この場合の調査当日における会社側の対応法としては、主張すべき点は十分主張することです。会社側としては、税法、民法、商法などの法律と、会社の属する業界の慣行、実務上の合理的会計処理方法などを踏まえた上で、理論的かつ法律的に、整然と説明して議論するようにします。決して感情的になってはいけません。「憤兵は敗れる」ということわざもあるくらいで、頭に血がのぼっては議論になりません。
一般的に、税務署員がすべて税法に明るいかというと、必ずしもそうではありません。博学な調査官もいますが、不勉強な調査官も大勢います。なぜなら、彼らの本来の仕事は脱税を見つけることにあり、税金相談で納税者の利益になるアドバイスをしたり、提出された税務申告書の計算誤りを見つけることにあるのではないからです。売上の隠ぺいや架空経費を見つけるのに、税法の知識はいりません。調査官は、脱税を見つけるためのテクニックは磨いても、膨大な税法の勉強は怠っている人も多いのです。税理士の能力に天と地ほどの開きがあるのと同様、調査官にもピンからキリまであるのです。
実際にあった例ですが、売上は20日締め翌月末回収の会社で、売上の計上を毎期継続して決算月の20日納品分までとし、決算月の21日から月末まで10日間の納品分の売上計上は翌期回しにしていたところ、税務調査で10日分の売上の洩れがあると指摘されたことがあります。法人税基本通達2−5−1においては、法人が商慣習等の理由で、収入及び支出の計算締切日を、継続して事業年度の末日前おおむね10日以内の一定の日とすることを認める、と明記してあります。もちろんこの通達のコピ−を渡し、落着しました。この他にも、建物の修繕費として処理した金額で資本的支出と区分ができないが、建物の取得価額の10%以下なので通達により全額損金経理したが、その通達を知らない調査官もいました。調査官の主張を鵜呑みにすると、ひどい目にあう事例はいくらでもあります。
会社側も、法令、通達、会計慣行等を熟知し、税法の解釈、事実認定その他について、法令だけでなく社会通念上の適切さについても理論的に説明することです。そのためにも、不断の勉強が欠かせません。もしも社長が、本業だけで手一杯で税法など勉強する時間がないというならば、研究熱心な税理士を雇えばいいだけです。この場合注意することは、税務署に顔がきくと吹聴する税理士はほぼ例外なく不勉強で、調査にあたっては調査官から「先生先生」と持ち上げられてはいるが、争点については税務署のいいなりとなり、本来会社が折れずに突っぱねられる部分まで修正申告に応じてしまうことです。こんな税理士なら雇っても無駄です。
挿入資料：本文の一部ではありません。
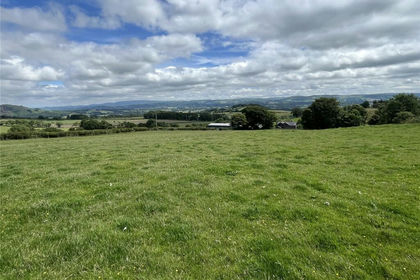 23.9 acres of Agricultural Land for sale in Llanafanfawr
なお、国会で決議された法律ではありませんが、「通達」という、国税当局が一方的に作成し、各地の税務署に下達し守らせている文書があり、市販されている税法の法規集にも載っています。通達は法律ではないため、一般国民はこれに拘束される義務はありません。しかし、実務上税務官署においては法律と同様に扱われており、「通達行政」と皮肉られています。国会で決められたわけでもない文書が規範的効力を帯びていることを危惧する学者や税理士も少なくありません。納税者が通達に反した申告をした場合、税務当局が修正申告を求め、更正処分をしてくることもあります。納税者が裁判で争った場合には、通達は裁判官をまったく拘束しません。法令と社会通念だけに基づいて判決が出されることとなります。この場合、納税者が勝訴した例はもちろんいくつもあります。昭和の時代、会社の厚生費として処理できる社員旅行は2泊3日までで国内旅行に限るという通達があり、海外社員旅行をして否認された会社が国側(税務当局)と裁判で争い、国側が敗訴し、そのため通達が改正された事例もあります。しかしながら、裁判では残念ながら大部分が国側の勝ちに終わるのが実情です。会社としては、この実情も考えて判断しなければなりません。しかし通達には納税者に有利な規定も多数ありますので、通達も十分勉強し、有利な通達は大いに活用し、実務や社会常識から見て明らかに不合理な通達には、争う覚悟で対処すべきでしょう。
A 過大申告が見つかったとき
前期分の申告では利益が過少となっていた部分があったが、前々期は逆に利益が過大計上になっていたことが判明する場合もあります。この場合、過少申告と過大申告の金額がほぼ同じである場合、過大申告の証拠を提示して相殺を求めれば、当局はあえて前期分の修正申告は求めてこないものです。
また、過大申告だけが判明した場合や、過大申告の方が過少申告の金額よりも多かった場合には、「減額更正」を求めます。減額更正とは、過大申告した所得金額を正しい金額に減額し、納めすぎた税金を還付してくれる、税務当局による是正措置のことです。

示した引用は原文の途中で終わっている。